Der Bundesrat und die Front im Innern

20minuten.ch (9. November 2010) – Die Schweizer Banken müssen Deutschland und England einen Mindest-Ablass für die Schwarzgeld-Vergangenheit garantieren. Das zeigt, dass Bern den eigenen Vermögensverwaltern misstraut, die einmal mehr bei der Vermögensflucht helfen könnten.

Die Details des Deutschland- und England-Steuervertrags sollten geheim bleiben. Dem machte Eugen David einen Strich durch die Rechnung.
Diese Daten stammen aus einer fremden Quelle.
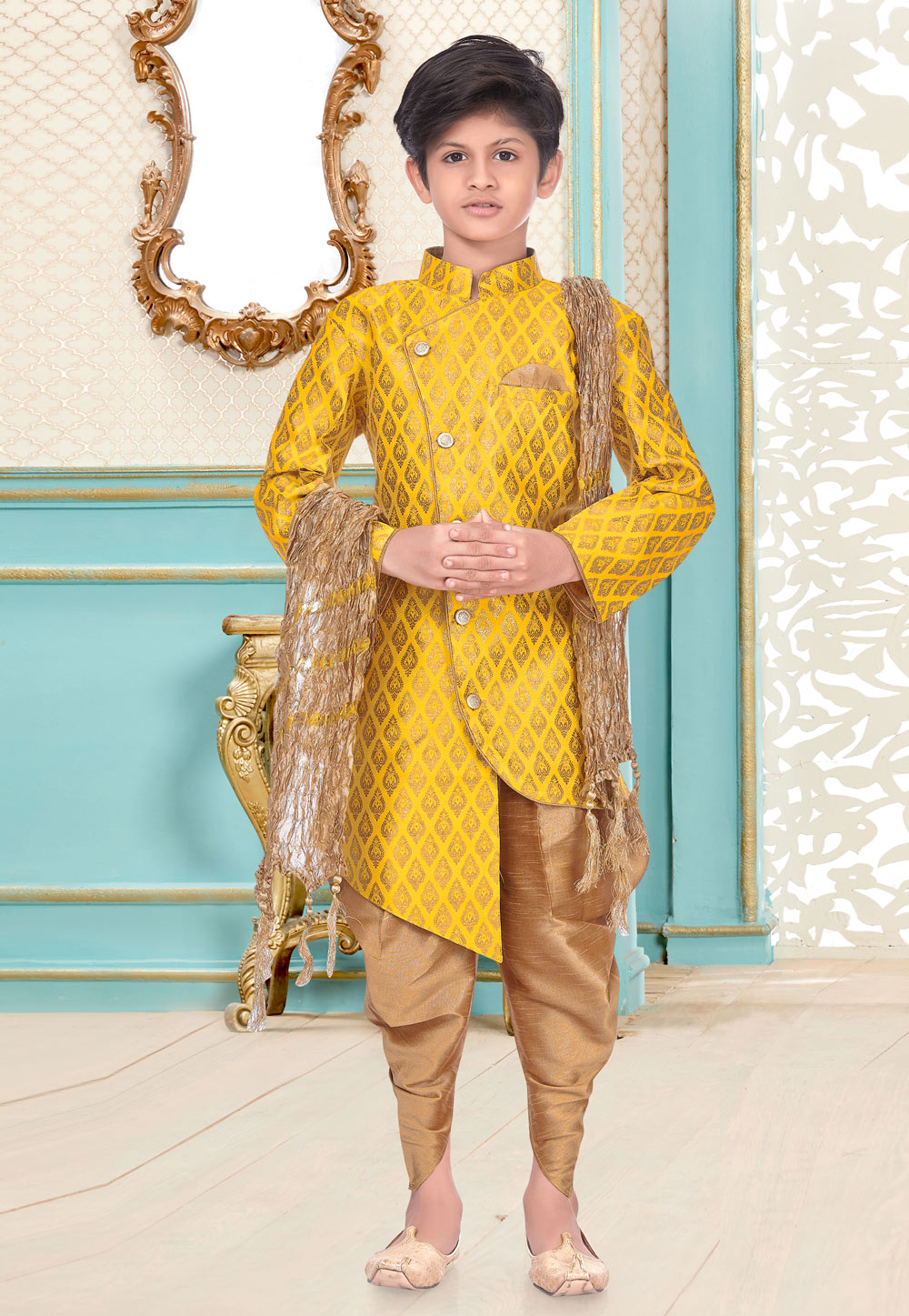 Yellow Banarasi Brocade Kids Indo Western Suit 216331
Als Präsident der Aussenpolitischen Kommission des Ständerats erhielt er von Amtes wegen Einblick in die Details – und plauderte diese prompt aus. Nun weiss die ganze Welt, dass der Schweizer Finanzplatz mit einer Mindestsumme für die Schwarzgeld-Vergangenheit geradezustehen hat, um diese endlich hinter sich zu bringen.
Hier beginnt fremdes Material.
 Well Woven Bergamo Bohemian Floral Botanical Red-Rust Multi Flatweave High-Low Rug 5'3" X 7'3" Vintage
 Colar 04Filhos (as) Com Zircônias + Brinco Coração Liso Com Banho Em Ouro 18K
Der St. Galler David bestätigte, dass für Deutschland und England „ein gewisser Mindestbetrag fixiert“ würde. „Wird dieser nicht erreicht, dann wird von den Banken eine Nachzahlung geleistet“, sagte David Radio DRS. Dies sei durchaus sinnvoll. „Die beiden Länder befürchten, dass zahlreiche Kunden das Konto in der Schweiz löschen und wegziehen“.
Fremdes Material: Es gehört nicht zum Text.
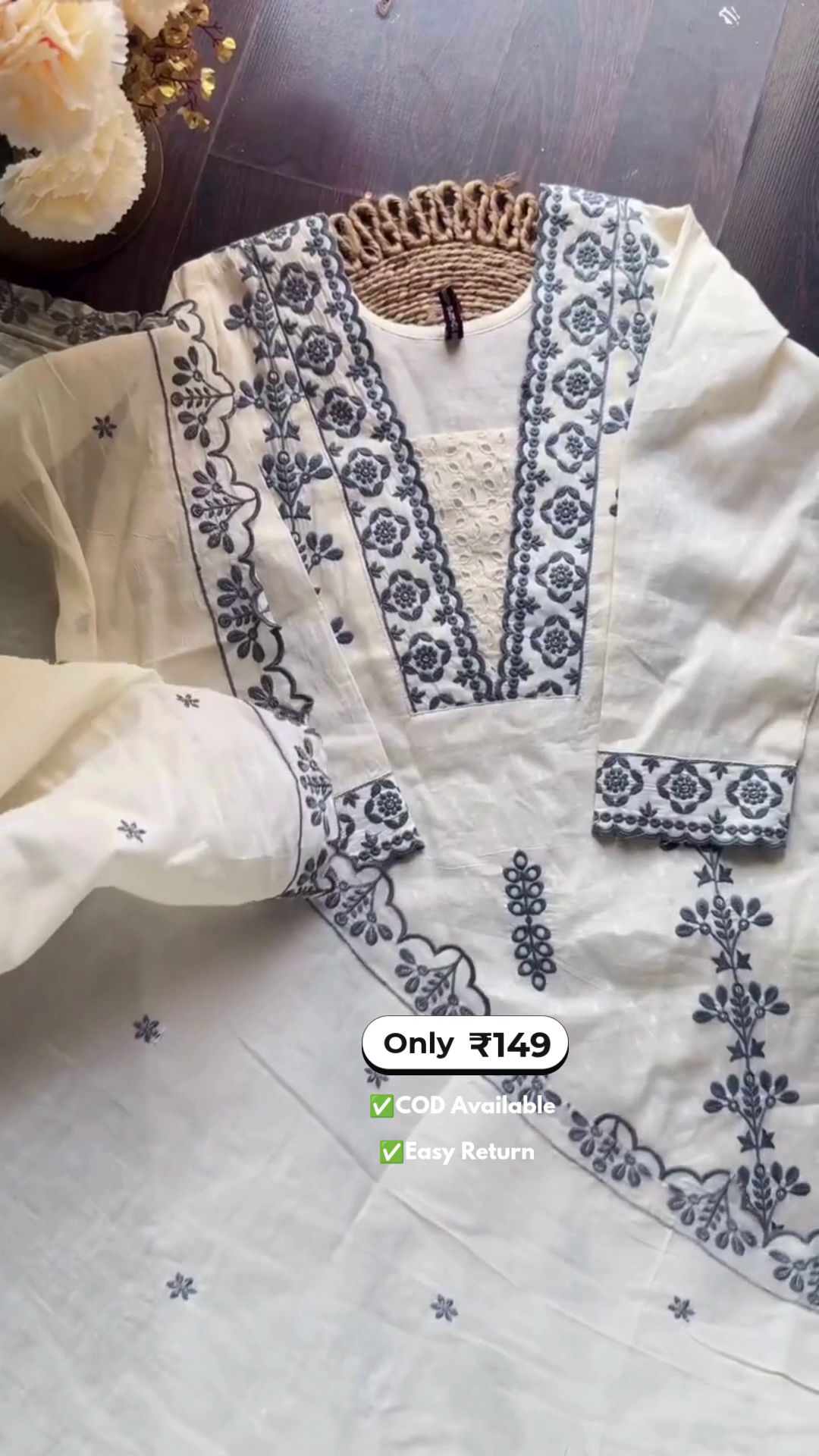 Women's Chikankari Kurti with Embroidery Work - Image 5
Vielsagendes Schweigen im Bundeshaus

Zuständig für eine Abgeltungssteuer, mit der die Schweiz der EU Geld statt Kundendaten liefert, ist das Staatssekretariat für Internationale Finanzfragen (SIF). Dort wollte niemand Stellung zu Davids Sololauf nehmen. Die Details des Vorvertrags mit den beiden EU-Staaten seien nicht für die Öffentlichkeit bestimmt, lautet die Begründung.

Was sich David von seinem Geplauder verspricht, bleibt sein Geheimnis. Die Mindestgarantie gehört zu einem komplexen Modell aus Einmal-Abgeltung für die Vergangenheit, zukünftiger Abgeltungssteuer, erleichtertem Marktzugang und mehr Zusammenarbeit bei Steuerhinterziehung.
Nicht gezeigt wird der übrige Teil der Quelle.